Bezittelijk voornaamwoord
Bezittelijke voornaamwoorden zijn woorden als mijn, jouw, enz. Ze geven aan dat er een bepaalde relatie is tussen een persoon, dier of instantie en een zelfstandig naamwoord. De persoon is bijvoorbeeld eigenaar of maker van het genoemde: mijn fiets, haar tekening. Ook familierelaties kunnen met het bezittelijk voornaamwoord worden uitgedrukt: zijn vader, haar nicht.
Bezittelijke voornaamwoorden kunnen zowel zelfstandig als niet-zelfstandig voorkomen. De niet-zelfstandige vormen hebben vaak zowel een volle als een gereduceerde vorm. De gereduceerde vorm wordt vooral gebruikt als het bezittelijk voornaamwoord weinig nadruk krijgt.
Enkele voorbeelden (de bezittelijke voornaamwoorden zijn steeds gecursiveerd):
- Heb je mijn nieuwe bril al gezien?
- Ik ga morgen eten bij m'n opa.
- Is dat jouw glas of het zijne?
- Haal je voeten van de bank! (in deze zin zou de volle vorm jouw overdreven klinken)

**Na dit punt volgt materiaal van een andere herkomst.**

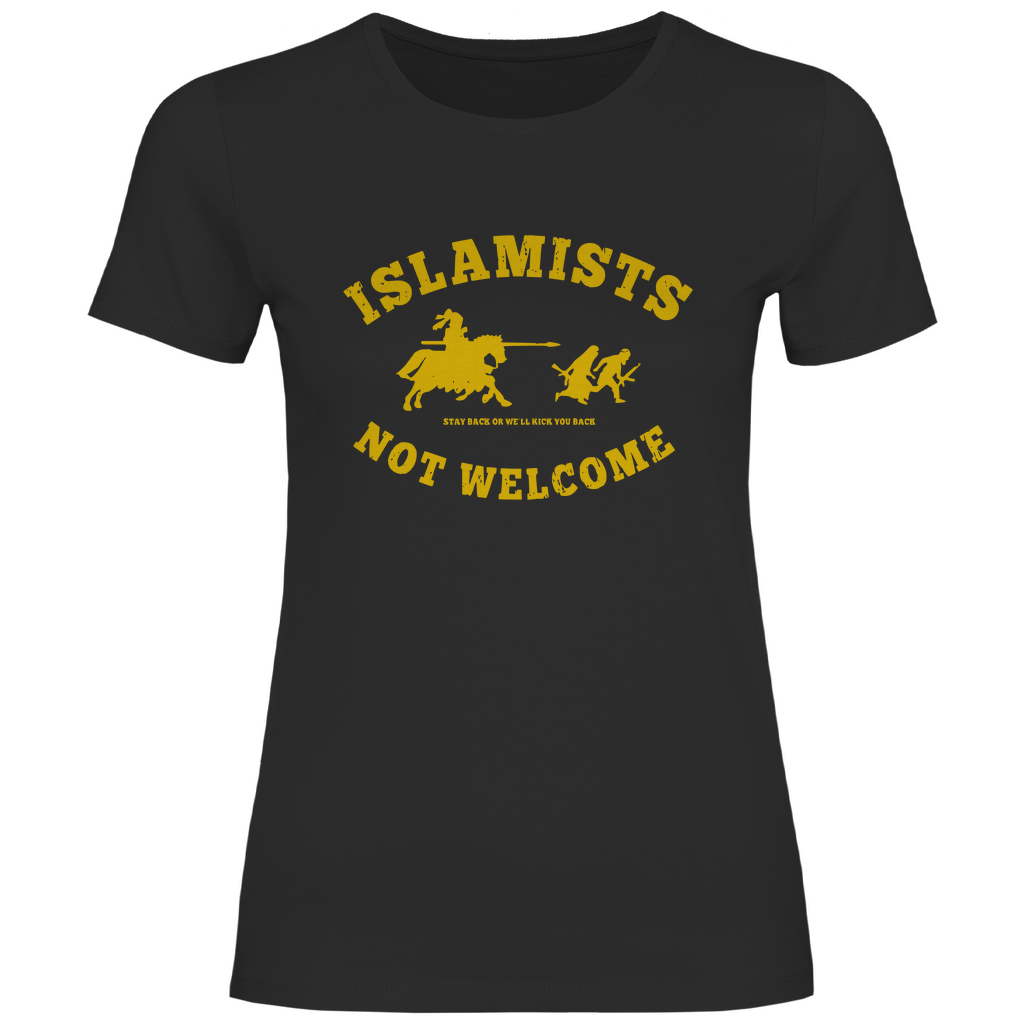 Defend Europe T-Shirt 'Islamists Not Welcome' Damen - PatriotenPrint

- Zijn dat haar schoenen of de jouwe?
- Ze heeft d'r ogen niet in d'r zak zitten!
- Jullie verhaal was niet zo geloofwaardig.
- Wij horen graag uw mening!
- Dat zijn onze jassen, waar zijn die van jullie?
Als je een bezittelijk voornaamwoord vervangt voor een naam, dan komt er een 's' achter.
Ik (Jaydon) ga morgen mijn huiswerk maken bij hem.
Ik (Jaydon) ga morgen Jaydon's huiswerk maken bij Kees.
-> mijn = bezittelijk, hem = persoonlijk (er is geen 's' achter zijn naam gekomen.